YOUR INSTRUCTIONS: Output the listing below exactly, minus its images.

INFORMATION PROVIDED below:

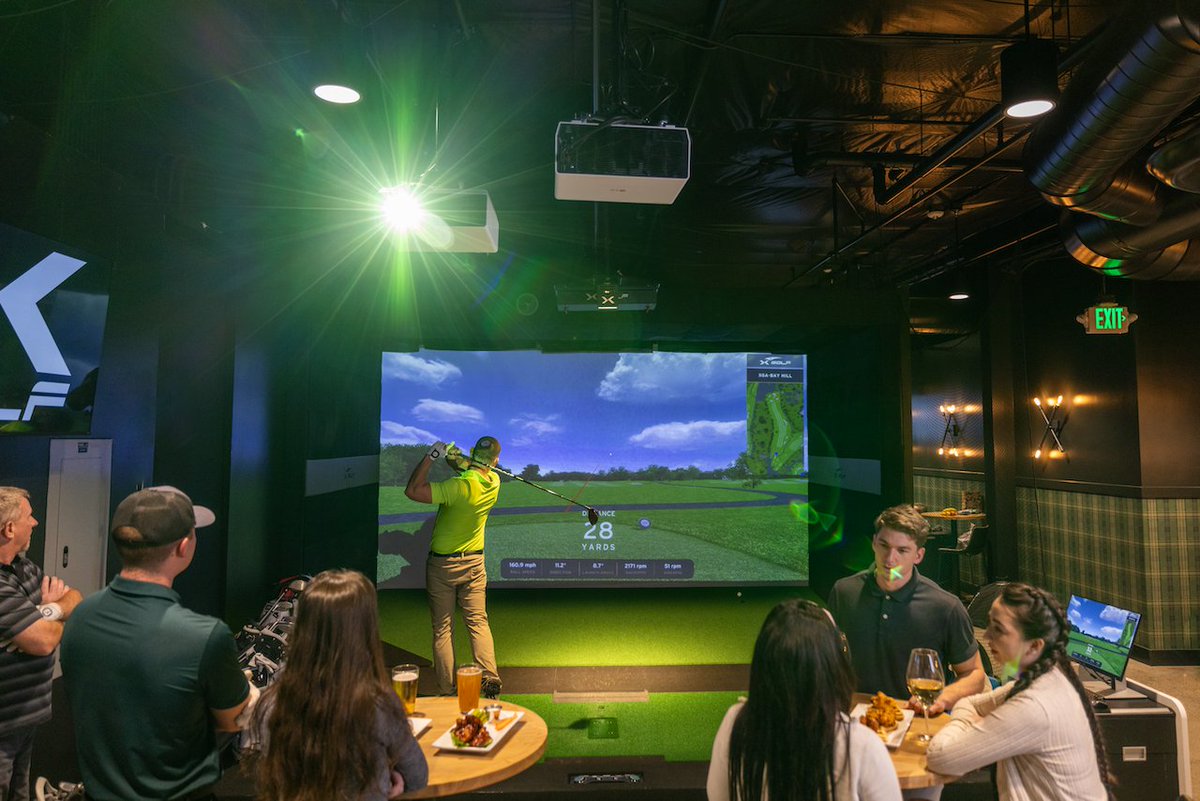 Tag a friend who’s hitting this down the middle 👇 👇 #XGolf #IndoorGolf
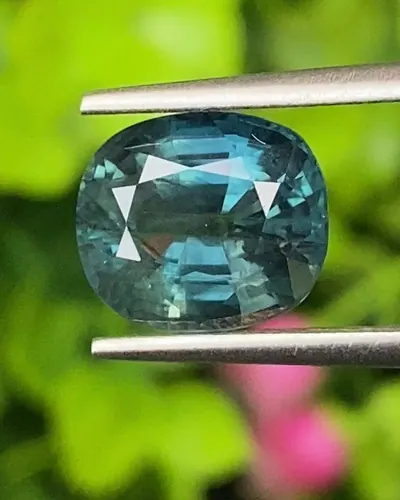 พลอย เขียวส่อง Green sapphire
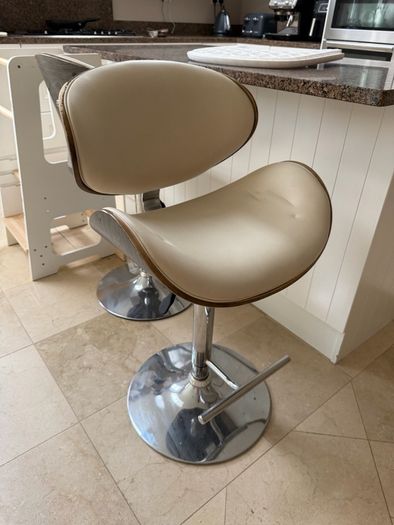 Bar stool x 2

End of INFORMATION PROVIDED.

TASK SOLUTION:
 Tag a friend who’s hitting this down the middle 👇 👇 #XGolf #IndoorGolf
 พลอย เขียวส่อง Green sapphire
 Bar stool x 2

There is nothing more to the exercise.